- Opening Delimiter -
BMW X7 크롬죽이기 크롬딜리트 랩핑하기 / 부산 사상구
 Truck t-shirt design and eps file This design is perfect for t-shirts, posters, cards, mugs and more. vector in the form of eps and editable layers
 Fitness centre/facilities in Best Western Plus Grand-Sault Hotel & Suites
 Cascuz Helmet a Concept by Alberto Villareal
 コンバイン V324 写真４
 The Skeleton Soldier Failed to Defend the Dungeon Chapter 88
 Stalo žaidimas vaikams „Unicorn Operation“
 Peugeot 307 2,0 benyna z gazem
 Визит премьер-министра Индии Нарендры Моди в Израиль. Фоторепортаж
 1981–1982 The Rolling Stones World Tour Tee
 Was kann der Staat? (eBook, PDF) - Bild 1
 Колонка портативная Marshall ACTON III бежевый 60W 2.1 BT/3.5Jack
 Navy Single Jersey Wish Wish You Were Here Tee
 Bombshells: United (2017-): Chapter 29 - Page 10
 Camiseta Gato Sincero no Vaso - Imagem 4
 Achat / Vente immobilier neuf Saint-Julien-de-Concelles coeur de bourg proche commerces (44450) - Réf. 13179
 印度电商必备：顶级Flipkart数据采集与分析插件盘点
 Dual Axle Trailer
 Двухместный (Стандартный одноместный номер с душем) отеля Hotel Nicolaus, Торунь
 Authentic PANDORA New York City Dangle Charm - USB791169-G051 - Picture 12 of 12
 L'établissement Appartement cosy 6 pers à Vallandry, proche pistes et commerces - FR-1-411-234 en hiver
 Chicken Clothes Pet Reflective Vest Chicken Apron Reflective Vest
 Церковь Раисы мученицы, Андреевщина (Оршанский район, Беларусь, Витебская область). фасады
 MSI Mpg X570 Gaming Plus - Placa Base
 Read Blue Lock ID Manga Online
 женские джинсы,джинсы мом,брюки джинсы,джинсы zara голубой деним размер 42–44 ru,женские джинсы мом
- Closing Delimiter -
Please retype each entry above exactly as it is written.

Response to this exercise
BMW X7 크롬죽이기 크롬딜리트 랩핑하기 / 부산 사상구
 Truck t-shirt design and eps file This design is perfect for t-shirts, posters, cards, mugs and more. vector in the form of eps and editable layers
 Fitness centre/facilities in Best Western Plus Grand-Sault Hotel & Suites
 Cascuz Helmet a Concept by Alberto Villareal
 コンバイン V324 写真４
 The Skeleton Soldier Failed to Defend the Dungeon Chapter 88
 Stalo žaidimas vaikams „Unicorn Operation“
 Peugeot 307 2,0 benyna z gazem
 Визит премьер-министра Индии Нарендры Моди в Израиль. Фоторепортаж
 1981–1982 The Rolling Stones World Tour Tee
 Was kann der Staat? (eBook, PDF) - Bild 1
 Колонка портативная Marshall ACTON III бежевый 60W 2.1 BT/3.5Jack
 Navy Single Jersey Wish Wish You Were Here Tee
 Bombshells: United (2017-): Chapter 29 - Page 10
 Camiseta Gato Sincero no Vaso - Imagem 4
 Achat / Vente immobilier neuf Saint-Julien-de-Concelles coeur de bourg proche commerces (44450) - Réf. 13179
 印度电商必备：顶级Flipkart数据采集与分析插件盘点
 Dual Axle Trailer
 Двухместный (Стандартный одноместный номер с душем) отеля Hotel Nicolaus, Торунь
 Authentic PANDORA New York City Dangle Charm - USB791169-G051 - Picture 12 of 12
 L'établissement Appartement cosy 6 pers à Vallandry, proche pistes et commerces - FR-1-411-234 en hiver
 Chicken Clothes Pet Reflective Vest Chicken Apron Reflective Vest
 Церковь Раисы мученицы, Андреевщина (Оршанский район, Беларусь, Витебская область). фасады
 MSI Mpg X570 Gaming Plus - Placa Base
 Read Blue Lock ID Manga Online
 женские джинсы,джинсы мом,брюки джинсы,джинсы zara голубой деним размер 42–44 ru,женские джинсы мом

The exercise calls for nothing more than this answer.